Eventually, her message did get through and I started spitting toothpaste foam out. After nine years of happy brushing, a dental hygiene advertisement appeared on television for the first time. This advertisement shook my very basics like a hurricane sweeps through and leaves nothing behind. It advocated a vertically oscillating motion for the brush. I still remember the words. They were something in the form of “Upar Neeche, Neeche Upar, Up and down, Down and up”. I had forever been of the opinion that the way to go was horizontal. That definitely made more logical sense, didn’t it? You could cover more surface area with one simple stroke. Why would you go up and down with your brush when your teeth were all aligned horizontally one next to the other? The advertisement conveniently failed to answer this question. On the very day that i decided to treat the entire episode as trash, my grandmother and my mother simultaneously asked me to pay close attention to that irritating message of public awareness.

And so, there was another change in my brushing technique. The horizontal motion was replaced by the vertical one. But it was not the technique that bothered me. In my small lifetime, I had observed a lot of people brushing. They did it with so much energy and a sort of careless flamboyance. They could go around the entire place in circles with the brush exercise continuing in the mouth without a single care about the froth falling from the insides of their mouths. It seemed as if they were really looking forward to the day that was to begin with all its glory. As is clear from this piece of prose, I have always been a pathetic brusher. I used to stand at the basin for five painfully long minutes before the ordeal actually ended. Secretly, I envied every single person who could walk, talk, dance and entertain while actually brushing. I did not have the heart to ask these great men how they started their day on such a glorious note. I mean, what would i actually ask them? Umm, I’m eighteen but I would like to learn your brushing technique. Will you teach me? Even I have enough self respect to not do something like that.

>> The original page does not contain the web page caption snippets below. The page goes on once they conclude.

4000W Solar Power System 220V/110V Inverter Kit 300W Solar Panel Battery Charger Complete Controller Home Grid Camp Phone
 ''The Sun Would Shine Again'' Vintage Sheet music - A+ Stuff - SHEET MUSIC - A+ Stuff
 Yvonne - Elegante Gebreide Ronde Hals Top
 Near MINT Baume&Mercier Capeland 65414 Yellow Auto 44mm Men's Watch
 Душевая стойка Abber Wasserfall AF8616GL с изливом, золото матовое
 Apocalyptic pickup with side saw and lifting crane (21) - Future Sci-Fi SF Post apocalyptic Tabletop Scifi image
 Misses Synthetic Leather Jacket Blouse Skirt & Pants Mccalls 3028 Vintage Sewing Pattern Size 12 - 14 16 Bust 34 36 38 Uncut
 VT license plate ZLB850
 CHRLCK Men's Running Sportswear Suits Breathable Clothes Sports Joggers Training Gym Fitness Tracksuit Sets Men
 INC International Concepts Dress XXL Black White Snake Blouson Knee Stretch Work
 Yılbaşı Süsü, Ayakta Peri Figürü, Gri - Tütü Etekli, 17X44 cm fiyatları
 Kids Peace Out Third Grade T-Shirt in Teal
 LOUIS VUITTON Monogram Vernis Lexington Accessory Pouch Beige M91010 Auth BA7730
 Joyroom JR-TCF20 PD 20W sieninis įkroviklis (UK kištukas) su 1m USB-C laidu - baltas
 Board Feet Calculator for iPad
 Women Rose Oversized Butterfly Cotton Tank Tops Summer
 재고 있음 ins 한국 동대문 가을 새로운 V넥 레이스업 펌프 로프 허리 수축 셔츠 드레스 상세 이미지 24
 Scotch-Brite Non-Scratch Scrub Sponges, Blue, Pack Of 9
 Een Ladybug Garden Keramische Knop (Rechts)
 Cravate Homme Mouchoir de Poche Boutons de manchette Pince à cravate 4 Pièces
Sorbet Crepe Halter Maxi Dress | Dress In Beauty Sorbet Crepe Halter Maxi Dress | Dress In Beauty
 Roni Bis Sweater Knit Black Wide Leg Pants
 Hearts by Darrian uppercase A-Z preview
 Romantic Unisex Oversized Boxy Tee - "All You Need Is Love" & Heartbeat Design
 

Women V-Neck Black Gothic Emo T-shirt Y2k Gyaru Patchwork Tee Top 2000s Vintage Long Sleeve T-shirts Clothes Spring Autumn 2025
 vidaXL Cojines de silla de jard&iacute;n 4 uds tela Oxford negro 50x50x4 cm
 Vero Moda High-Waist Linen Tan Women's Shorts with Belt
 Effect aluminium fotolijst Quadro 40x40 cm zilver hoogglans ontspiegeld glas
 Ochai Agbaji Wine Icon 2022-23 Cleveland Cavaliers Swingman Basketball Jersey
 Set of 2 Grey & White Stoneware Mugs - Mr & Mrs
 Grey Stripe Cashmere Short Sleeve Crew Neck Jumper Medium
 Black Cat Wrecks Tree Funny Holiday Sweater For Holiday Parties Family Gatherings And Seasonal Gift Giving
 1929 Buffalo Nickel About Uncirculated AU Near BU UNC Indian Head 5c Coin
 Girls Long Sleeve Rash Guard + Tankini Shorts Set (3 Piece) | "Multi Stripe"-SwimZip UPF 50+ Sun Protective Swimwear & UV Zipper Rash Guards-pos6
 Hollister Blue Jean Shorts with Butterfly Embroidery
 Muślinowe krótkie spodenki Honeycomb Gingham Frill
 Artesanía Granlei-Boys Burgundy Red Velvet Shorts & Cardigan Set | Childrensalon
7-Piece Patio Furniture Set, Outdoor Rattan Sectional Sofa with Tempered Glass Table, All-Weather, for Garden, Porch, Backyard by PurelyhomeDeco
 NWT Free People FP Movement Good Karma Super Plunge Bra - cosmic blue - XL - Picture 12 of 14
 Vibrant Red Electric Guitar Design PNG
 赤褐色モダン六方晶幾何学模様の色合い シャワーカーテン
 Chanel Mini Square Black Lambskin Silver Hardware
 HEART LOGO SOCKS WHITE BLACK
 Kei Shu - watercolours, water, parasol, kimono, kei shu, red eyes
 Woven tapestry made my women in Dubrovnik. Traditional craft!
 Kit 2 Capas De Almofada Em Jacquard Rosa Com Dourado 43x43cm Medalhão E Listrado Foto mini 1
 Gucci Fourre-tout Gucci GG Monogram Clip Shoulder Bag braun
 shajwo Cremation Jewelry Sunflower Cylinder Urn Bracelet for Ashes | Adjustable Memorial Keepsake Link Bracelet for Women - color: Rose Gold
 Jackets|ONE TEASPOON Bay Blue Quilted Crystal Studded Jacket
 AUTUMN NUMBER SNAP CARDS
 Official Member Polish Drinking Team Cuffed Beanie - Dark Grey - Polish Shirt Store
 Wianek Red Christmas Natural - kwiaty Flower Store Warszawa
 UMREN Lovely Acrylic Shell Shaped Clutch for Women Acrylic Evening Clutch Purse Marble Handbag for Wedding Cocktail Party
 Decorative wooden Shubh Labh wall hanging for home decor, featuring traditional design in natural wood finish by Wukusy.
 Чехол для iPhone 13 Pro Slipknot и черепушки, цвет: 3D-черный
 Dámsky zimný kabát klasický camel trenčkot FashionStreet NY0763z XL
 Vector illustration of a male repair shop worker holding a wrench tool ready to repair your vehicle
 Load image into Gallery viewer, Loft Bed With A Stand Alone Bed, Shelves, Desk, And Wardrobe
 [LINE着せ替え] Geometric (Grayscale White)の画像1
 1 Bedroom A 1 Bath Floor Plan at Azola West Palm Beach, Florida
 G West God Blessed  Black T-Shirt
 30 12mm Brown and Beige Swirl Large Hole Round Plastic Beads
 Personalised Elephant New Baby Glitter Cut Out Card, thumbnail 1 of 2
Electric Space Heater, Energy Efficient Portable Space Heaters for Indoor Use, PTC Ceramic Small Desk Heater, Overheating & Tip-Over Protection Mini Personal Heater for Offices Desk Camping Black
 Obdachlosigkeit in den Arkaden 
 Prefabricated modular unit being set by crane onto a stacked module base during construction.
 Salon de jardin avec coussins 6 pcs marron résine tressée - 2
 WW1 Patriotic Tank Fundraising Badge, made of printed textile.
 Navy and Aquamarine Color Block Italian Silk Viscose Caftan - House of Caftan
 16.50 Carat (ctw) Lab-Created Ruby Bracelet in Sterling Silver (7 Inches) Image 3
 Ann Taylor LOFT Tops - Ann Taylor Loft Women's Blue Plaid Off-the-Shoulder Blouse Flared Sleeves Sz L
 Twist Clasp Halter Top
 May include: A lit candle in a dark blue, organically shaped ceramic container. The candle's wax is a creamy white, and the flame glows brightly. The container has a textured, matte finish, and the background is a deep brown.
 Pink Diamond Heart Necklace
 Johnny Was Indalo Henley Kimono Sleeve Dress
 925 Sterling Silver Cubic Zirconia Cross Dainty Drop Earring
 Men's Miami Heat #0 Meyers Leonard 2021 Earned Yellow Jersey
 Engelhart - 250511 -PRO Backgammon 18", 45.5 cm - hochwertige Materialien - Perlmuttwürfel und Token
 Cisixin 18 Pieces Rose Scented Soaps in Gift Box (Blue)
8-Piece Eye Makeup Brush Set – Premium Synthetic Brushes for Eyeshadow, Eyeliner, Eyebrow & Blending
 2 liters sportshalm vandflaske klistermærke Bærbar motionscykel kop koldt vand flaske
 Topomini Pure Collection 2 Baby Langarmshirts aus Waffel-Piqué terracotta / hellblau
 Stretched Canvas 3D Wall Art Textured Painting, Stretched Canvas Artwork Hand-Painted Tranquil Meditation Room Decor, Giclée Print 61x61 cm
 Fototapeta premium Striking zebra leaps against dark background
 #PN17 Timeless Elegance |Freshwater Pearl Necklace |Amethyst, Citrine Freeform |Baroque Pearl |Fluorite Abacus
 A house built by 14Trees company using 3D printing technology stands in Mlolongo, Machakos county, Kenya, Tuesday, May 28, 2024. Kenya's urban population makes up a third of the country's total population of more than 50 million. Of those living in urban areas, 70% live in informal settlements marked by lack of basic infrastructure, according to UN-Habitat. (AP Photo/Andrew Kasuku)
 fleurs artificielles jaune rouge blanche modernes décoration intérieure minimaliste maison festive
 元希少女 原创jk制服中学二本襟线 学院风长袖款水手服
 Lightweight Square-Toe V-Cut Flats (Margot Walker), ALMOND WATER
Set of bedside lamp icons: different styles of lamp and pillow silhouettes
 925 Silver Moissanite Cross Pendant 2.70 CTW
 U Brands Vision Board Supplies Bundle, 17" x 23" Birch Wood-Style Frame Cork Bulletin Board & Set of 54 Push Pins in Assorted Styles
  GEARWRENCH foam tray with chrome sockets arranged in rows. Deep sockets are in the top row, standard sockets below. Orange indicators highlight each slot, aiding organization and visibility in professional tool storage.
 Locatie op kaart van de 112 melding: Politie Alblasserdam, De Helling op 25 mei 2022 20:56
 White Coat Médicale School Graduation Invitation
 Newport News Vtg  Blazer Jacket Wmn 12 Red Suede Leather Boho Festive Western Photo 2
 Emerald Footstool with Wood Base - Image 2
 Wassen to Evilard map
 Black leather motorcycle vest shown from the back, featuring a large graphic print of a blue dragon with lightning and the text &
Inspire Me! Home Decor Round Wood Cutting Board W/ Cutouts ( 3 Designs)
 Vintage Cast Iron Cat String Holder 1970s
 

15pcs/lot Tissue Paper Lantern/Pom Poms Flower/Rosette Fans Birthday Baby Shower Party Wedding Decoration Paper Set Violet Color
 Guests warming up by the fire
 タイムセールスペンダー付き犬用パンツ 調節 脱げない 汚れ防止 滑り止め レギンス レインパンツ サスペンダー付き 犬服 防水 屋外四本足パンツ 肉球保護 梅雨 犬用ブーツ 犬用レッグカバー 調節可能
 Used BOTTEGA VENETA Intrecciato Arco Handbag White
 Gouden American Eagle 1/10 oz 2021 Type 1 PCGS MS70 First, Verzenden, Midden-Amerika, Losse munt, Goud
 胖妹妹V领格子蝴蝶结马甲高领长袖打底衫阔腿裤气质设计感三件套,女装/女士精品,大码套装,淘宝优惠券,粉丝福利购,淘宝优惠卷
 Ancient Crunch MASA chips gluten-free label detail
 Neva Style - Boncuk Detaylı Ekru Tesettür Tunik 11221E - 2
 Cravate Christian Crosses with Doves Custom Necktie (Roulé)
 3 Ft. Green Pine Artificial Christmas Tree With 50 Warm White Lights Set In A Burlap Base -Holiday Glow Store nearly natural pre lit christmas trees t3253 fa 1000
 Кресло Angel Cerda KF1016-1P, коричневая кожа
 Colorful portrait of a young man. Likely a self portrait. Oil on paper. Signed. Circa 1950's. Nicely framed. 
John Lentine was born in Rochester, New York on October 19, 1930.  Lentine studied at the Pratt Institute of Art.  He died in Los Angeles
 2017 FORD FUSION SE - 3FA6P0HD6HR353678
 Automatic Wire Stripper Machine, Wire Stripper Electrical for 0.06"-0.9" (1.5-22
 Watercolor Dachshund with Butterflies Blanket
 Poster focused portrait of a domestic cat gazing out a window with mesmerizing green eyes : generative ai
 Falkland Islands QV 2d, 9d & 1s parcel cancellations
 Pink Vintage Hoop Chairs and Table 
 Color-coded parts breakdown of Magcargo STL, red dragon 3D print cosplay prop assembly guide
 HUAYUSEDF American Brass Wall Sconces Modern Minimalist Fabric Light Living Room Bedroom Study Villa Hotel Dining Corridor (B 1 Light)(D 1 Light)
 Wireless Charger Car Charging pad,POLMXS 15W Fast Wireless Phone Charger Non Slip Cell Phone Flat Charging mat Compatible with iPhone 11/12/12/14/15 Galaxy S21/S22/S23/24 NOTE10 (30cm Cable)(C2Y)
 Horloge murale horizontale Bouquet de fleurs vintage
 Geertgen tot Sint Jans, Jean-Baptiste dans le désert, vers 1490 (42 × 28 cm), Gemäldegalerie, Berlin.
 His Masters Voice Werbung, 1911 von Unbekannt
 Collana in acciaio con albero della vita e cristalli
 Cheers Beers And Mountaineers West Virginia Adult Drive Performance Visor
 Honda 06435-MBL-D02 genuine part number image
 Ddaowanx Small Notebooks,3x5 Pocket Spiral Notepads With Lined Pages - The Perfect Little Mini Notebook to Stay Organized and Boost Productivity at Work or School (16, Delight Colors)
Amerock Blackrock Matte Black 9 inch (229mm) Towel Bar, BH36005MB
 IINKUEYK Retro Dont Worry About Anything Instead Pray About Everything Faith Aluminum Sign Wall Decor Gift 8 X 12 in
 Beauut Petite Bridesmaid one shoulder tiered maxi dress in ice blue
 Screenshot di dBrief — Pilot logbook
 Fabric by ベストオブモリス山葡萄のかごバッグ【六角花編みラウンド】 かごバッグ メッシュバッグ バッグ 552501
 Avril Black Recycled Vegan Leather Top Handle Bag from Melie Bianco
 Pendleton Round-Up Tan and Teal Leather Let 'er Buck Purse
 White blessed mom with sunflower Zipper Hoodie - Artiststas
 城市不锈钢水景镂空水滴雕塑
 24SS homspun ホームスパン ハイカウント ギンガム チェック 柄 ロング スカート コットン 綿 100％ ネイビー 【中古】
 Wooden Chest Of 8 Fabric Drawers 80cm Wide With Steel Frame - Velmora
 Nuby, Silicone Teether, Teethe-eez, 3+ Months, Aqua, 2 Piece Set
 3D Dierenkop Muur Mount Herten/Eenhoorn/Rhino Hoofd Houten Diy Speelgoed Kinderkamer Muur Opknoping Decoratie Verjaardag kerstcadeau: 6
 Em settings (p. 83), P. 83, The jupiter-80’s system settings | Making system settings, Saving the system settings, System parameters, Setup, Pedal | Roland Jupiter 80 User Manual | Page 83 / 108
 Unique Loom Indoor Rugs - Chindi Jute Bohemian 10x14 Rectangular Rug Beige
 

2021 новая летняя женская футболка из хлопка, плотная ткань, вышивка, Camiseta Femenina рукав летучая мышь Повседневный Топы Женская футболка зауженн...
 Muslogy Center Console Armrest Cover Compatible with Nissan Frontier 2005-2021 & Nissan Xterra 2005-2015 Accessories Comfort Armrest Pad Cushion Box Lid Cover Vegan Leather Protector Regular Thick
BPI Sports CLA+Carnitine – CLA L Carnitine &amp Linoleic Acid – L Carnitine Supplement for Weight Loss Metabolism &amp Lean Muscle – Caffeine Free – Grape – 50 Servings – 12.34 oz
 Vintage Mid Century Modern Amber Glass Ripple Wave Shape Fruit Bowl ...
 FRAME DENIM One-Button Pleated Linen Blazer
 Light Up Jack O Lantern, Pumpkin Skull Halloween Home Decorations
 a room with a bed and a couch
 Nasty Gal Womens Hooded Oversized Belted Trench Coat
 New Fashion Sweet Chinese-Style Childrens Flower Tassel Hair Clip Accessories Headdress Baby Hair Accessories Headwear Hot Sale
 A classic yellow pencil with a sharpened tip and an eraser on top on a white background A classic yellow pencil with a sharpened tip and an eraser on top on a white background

Then, something happened, that altered the state of my brushing affairs forever. I went to a hostel. At this beautiful hostel, where i spent the good part of a year, there were only two basins for the entire floor. Effectively, the basin to student ratio was something like twenty six to one. Add to this, the complication of submitting an assignment, appearing for a test or presenting a seminar in the very immediate future, or in some very sad cases, the unhealthy combination of two or more of the above factors, and you are totally screwed. In these pathetically dire circumstances, one can do nothing but learn how to brush properly.

It was an absolute miracle. You cannot remember the exact moment you fall asleep. A lot of complicated thought patterns circulate in your tired brain and before you are conscious of what you are thinking, you are fast asleep. This happened exactly like that. I did not even realise that I had started brushing in the way I had always dreamt of brushing. I was reading the newspaper one morning when I gathered that I was also brushing my teeth. It was a surreal feeling. Close introspection told me that I had been doing these particular activities in glorious harmony for quite a few days. It seemed as if my hand was in auto-pilot mode. The morning seemed so beautiful now that I could brush and admire it. The days ahead were all mine. I was raring to go…

3 comments:

Indira said...

I laughed out loud reading your blog. Wonderful that you can turn something so mundane into something so hilarious and entertaining!
Look forward to reading more. Indiramashi

Romit said...

GREAT WRITING! STRAIGHT FROM THE HEART. YOU ARE WASTED IN ENGINEERING. YOU KNOW HOW TO PLAY WITH WORDS. THIS IS THE FIRST THING ALL WRITERS DO. THE NEXT STEP IS SIMPLICITY. WHEN YOU ACHIEVE THAT... YOU HAVE IT! DO NOT BE AFRAID TO SHOW EMOTION. DO NOT TRY TO HIDE IT BEHIND WORDS.
MITALI

Anonymous said...

nice article, utsav!keep up the gud work.